▸ Material to process

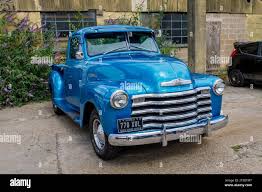 Image result for Marine Blue 1948 Truck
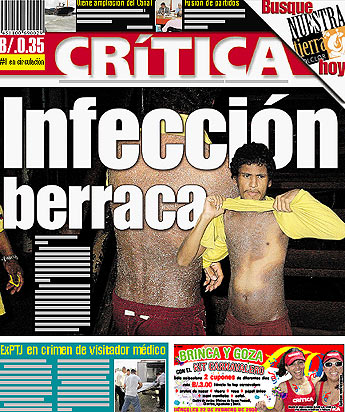 Portada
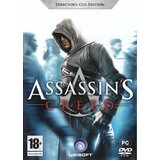 Ubisoft Connect Assassin's Creed: Director's Cut Edition (PC) Uplay Key EUROPE | ePonuda.com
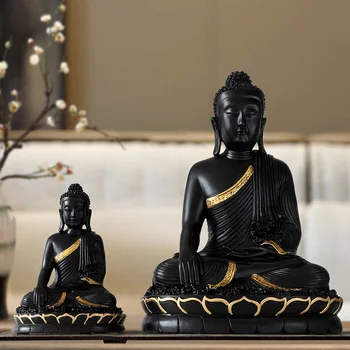 RESIN STATUETTE BOUDDHA LARGE BUDDHA DECOR HOME DECOR BUDDHA STATUE HOME DECORATION ACCESSORIES FOR LIVING ROOM BUDDHA FIGURINE
RESIN STATUETTE BOUDDHA LARGE BUDDHA DECOR HOME DECOR BUDDHA STATUE HOME DECORATION ACCESSORIES FOR LIVING ROOM BUDDHA FIGURINE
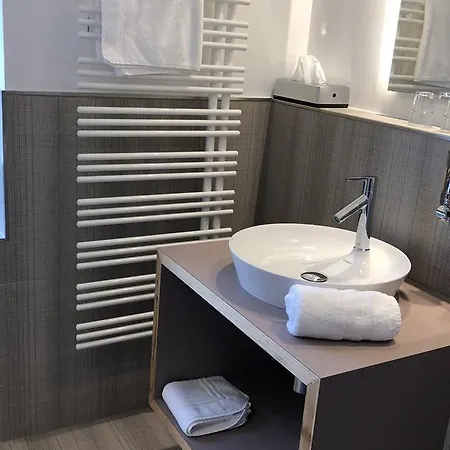 Landhotel Wilder Mann 3* Eggingen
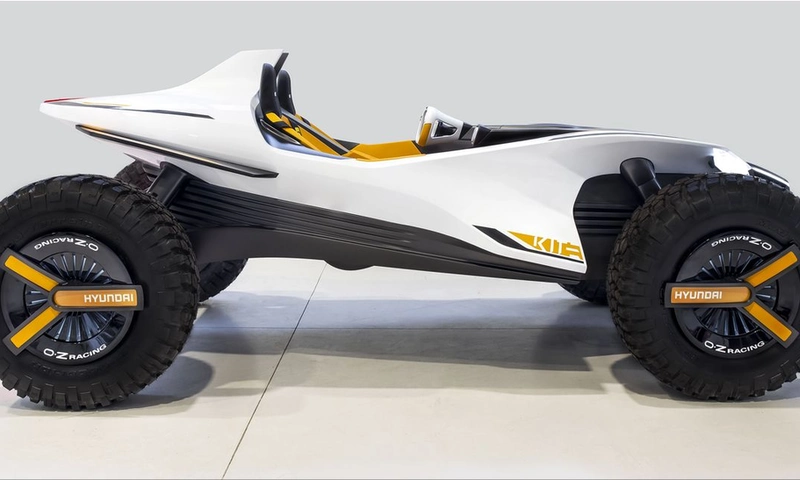 Hyundai Kite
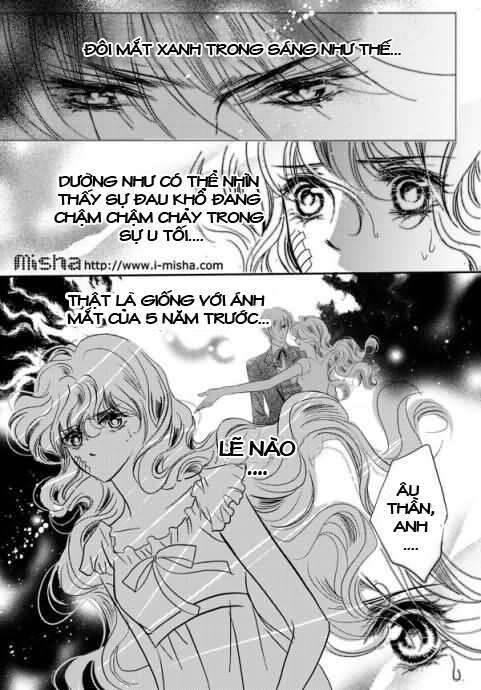 Bong Bóng Mùa Hè Chapter 27 - 16
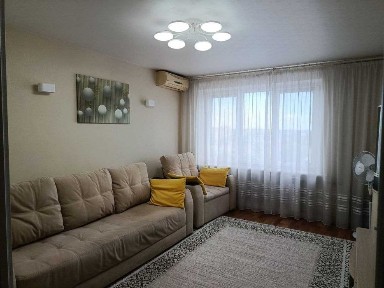 Дніпропетровська область, Дніпро, Самарський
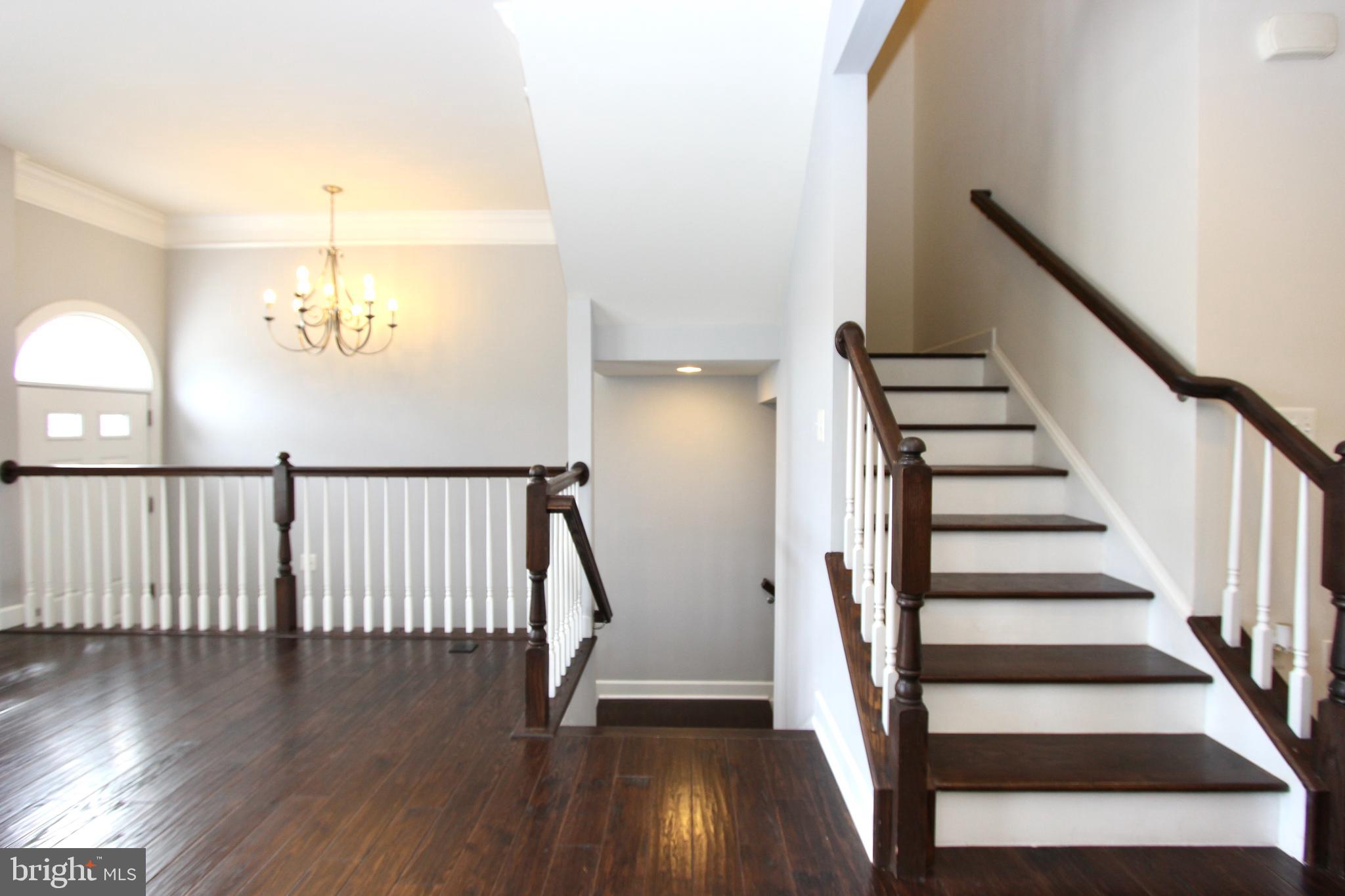 POWELLS LANDING - Residential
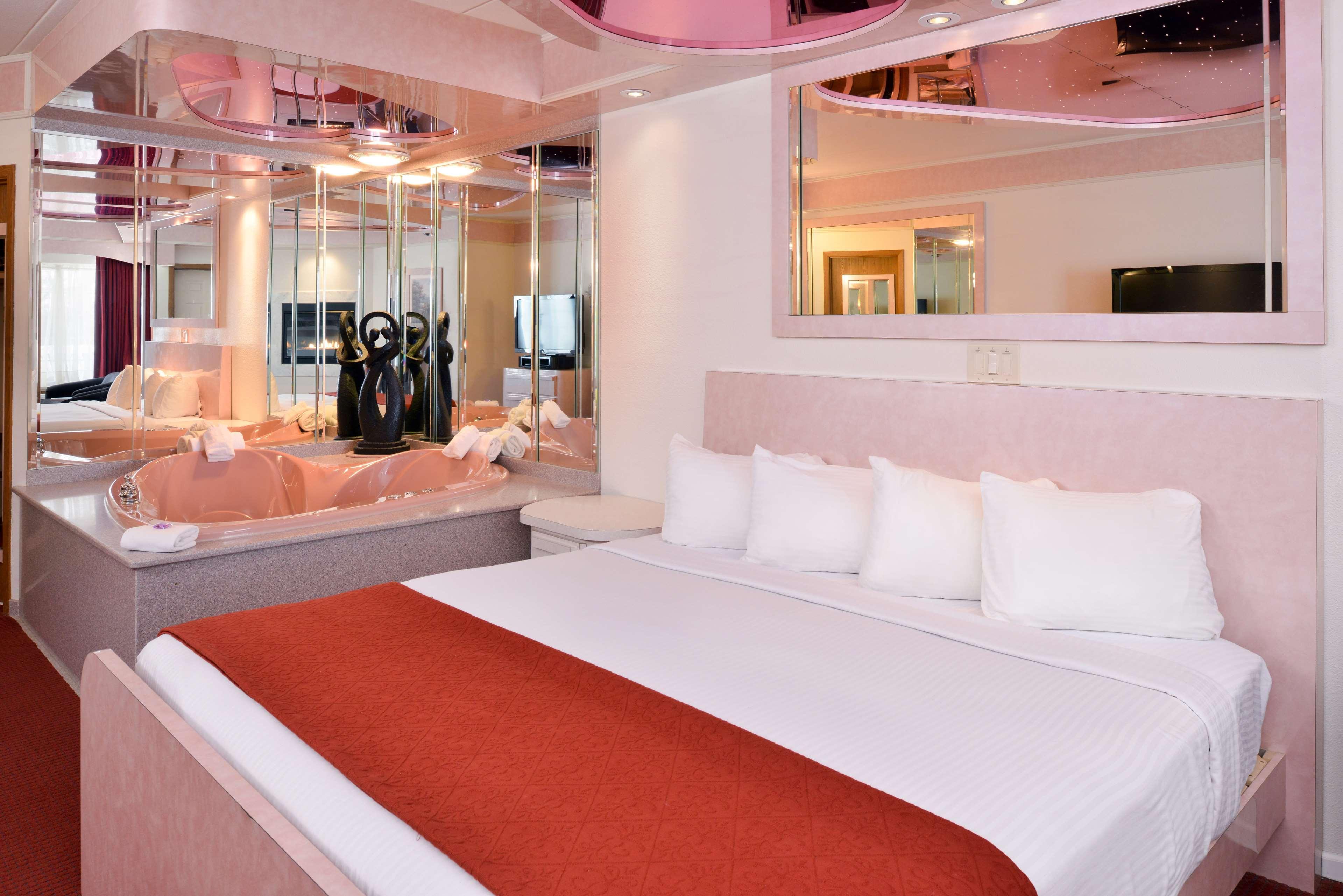Best Western Galena Inn & Suites Ngoại thất bức ảnh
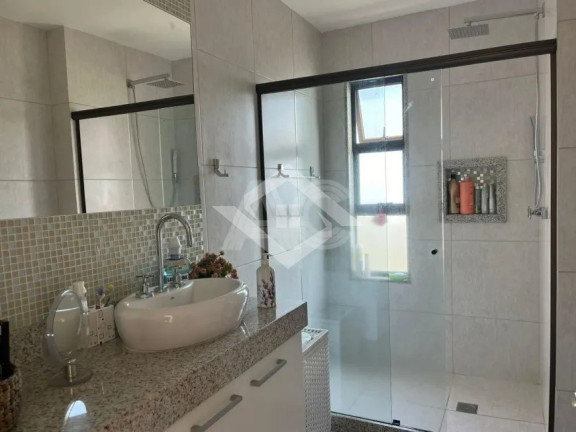 Imagem Apartamento com 4 Quartos à Venda, 161 m² em Barra Da Tijuca - Rio De Janeiro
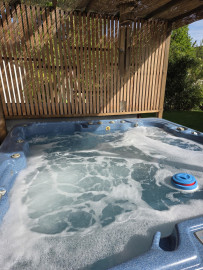 
                                                                                        Vente
                                                                                         Maison plain-pied rénovée - Jardin - DPE B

▸ Instructions to follow
Once you find the line containing "Hyundai Kite", transcribe it and each line after it to the end of the records exactly, and leave out the pictures.

▸ Task result
 Hyundai Kite
 Bong Bóng Mùa Hè Chapter 27 - 16
 Дніпропетровська область, Дніпро, Самарський
 POWELLS LANDING - Residential
Best Western Galena Inn & Suites Ngoại thất bức ảnh
 Imagem Apartamento com 4 Quartos à Venda, 161 m² em Barra Da Tijuca - Rio De Janeiro
                                                                                        Vente
                                                                                         Maison plain-pied rénovée - Jardin - DPE B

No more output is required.